### Recorded data:
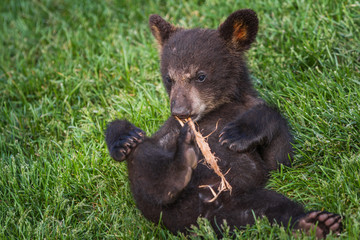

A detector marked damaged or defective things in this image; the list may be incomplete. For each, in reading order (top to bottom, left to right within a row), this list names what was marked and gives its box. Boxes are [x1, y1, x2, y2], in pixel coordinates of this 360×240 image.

splintered wood [175, 115, 232, 202]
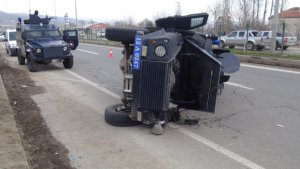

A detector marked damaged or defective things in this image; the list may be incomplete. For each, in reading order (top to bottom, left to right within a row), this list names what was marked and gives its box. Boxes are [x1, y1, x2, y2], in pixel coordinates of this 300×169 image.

overturned police vehicle [16, 11, 78, 72]
overturned police vehicle [104, 13, 240, 135]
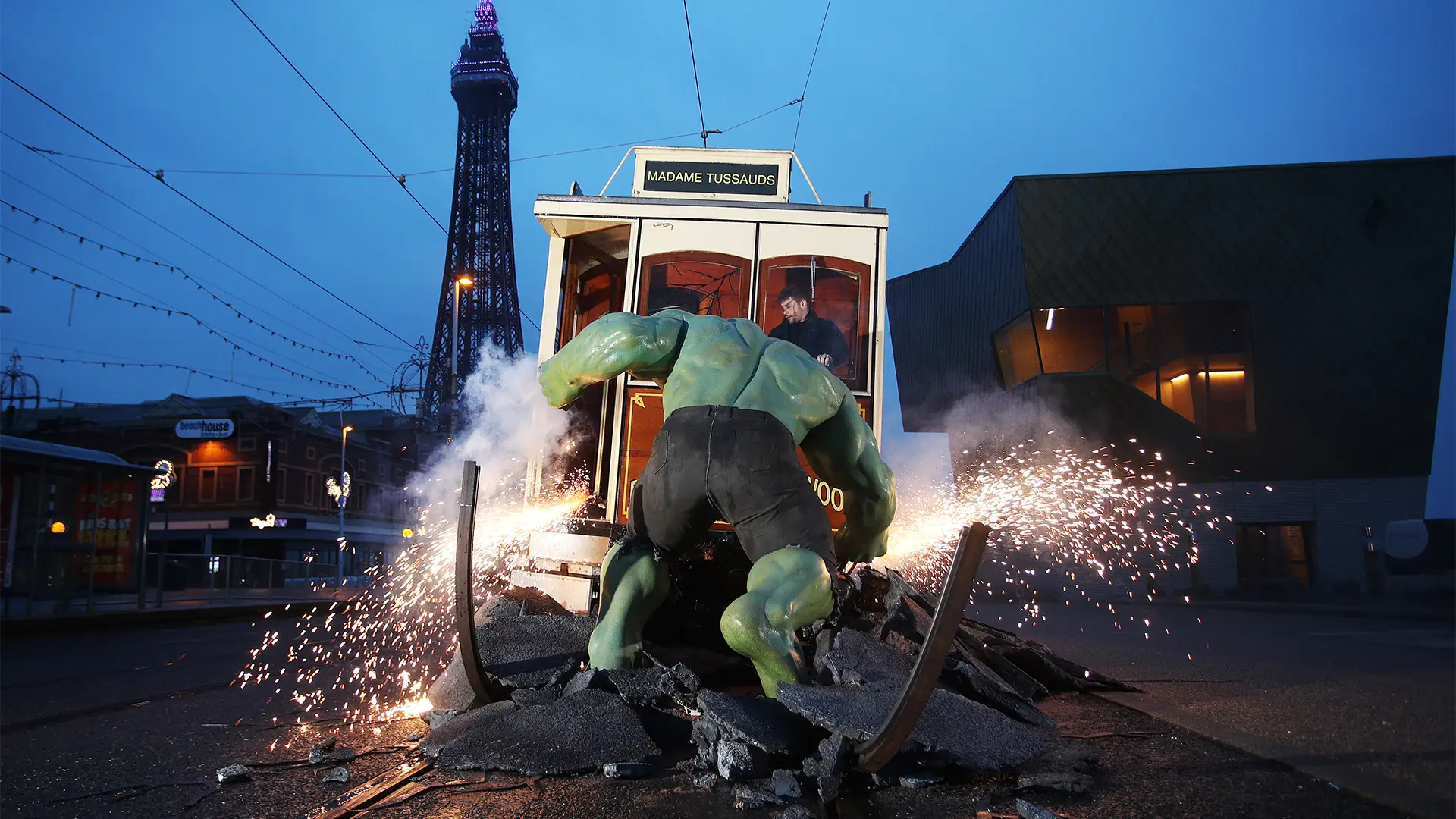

### What the task requires:
From the first line to the last, reproduce the listing above exactly, leaving the pictures out.

### Answer below:
A detector marked damaged or defective things in this image; the list may be incomplete. For each, in reading order (top to bottom, left to right within a row), this list names what was marked and gives its box. Boxes are [x1, y1, x2, y2], in pixel coordinates of this 360×240 image.

splintered wood [175, 115, 232, 202]

A detector marked damaged or defective things in this image; the list may be incomplete. For each, in reading order (top to bottom, left to right within a row), this list names what was marked and gives its box. Boxes are [x1, y1, x2, y2], in pixel coordinates of this 300×169 image.

overturned police vehicle [16, 11, 78, 72]
overturned police vehicle [104, 13, 240, 135]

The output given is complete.